E tutto questo accade ben prima che il tuo contenuto “di fase intermedia” venga anche solo visto.

Non un imbuto, ma un flusso circolare

Serve un cambio di paradigma. Il funnel deve lasciare spazio a un modello che rispecchi il modo in cui il cervello elabora decisioni in contesti digitali. Un modello più simile a un loop decisionale:

  • Prima lo stimolo emotivo, che accende l’attenzione e genera connessione immediata.

  • Poi l’associazione mentale, che può essere basata su esperienze pregresse, valori personali o sensazioni difficili da verbalizzare.

  • Solo in un secondo momento subentra la parte razionale, quella che cerca conferme, recensioni, confronti.

  • Infine, se tutto si allinea, si compie l’azione e si riattiva il ciclo attraverso l’engagement post-acquisto.

Questa è la logica del cervello digitale: disordinata ma potente.

Come si adatta il marketing a questo scenario?

Cambiare modello mentale richiede anche un cambio operativo. Non basta aggiornare le strategie, bisogna ripensare il modo stesso in cui costruiamo la comunicazione.

Serve meno pianificazione rigida e più capacità di colpire nel momento giusto, con l’emozione giusta.

Significa rimettere la creatività al centro, come leva principale di attivazione.: un’immagine forte, un copy che colpisce, un suono che rimane in testa; oggi queste cose valgono più di mille keyword o CTA piazzate nei “punti giusti”.

Significa progettare contenuti che il cervello riconosce prima ancora di capirli, perché l’intuizione precede l’analisi.

Significa anche cambiare i KPI: non più solo click, impression e conversioni, ma tempo di permanenza, coinvolgimento reale, profondità dell’interazione.

Il marketing che funziona oggi è neurocompatibile

Il punto non è se il funnel sia completamente da buttare. Il punto è che non possiamo più considerarlo l’unico schema mentale valido per progettare esperienze digitali.

Chi lavora nel marketing, nella comunicazione o nella strategia aziendale oggi ha una responsabilità: conoscere come funziona il cervello umano sotto stress digitale.
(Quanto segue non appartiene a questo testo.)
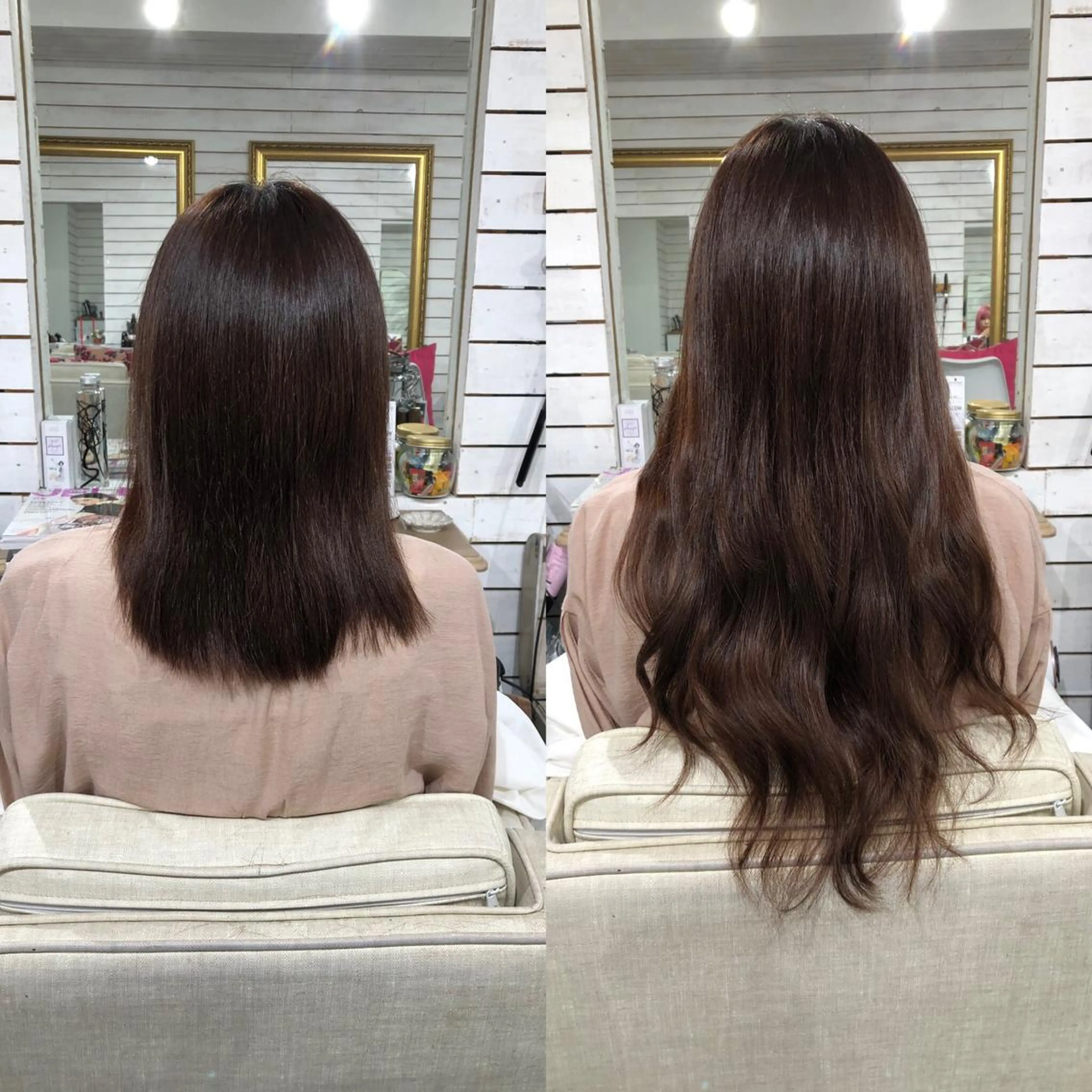 ミディアム 韓国カラーエクステ 👑代表渡部雅己👑のヘアスタイル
Perché è lì che si giocano le decisioni, ed è lì che si costruisce o si distrugge la fiducia verso un brand.

Il futuro non sarà fatto di funnel, ma di flussi emozionali, intuizioni ben progettate e esperienze che parlano prima ancora di convincere.

Il cliente non vuole essere accompagnato ma vuole essere rassicurato in pochi secondi.
Il marketing che vince è quello che sa essere intuito prima ancora di essere compreso.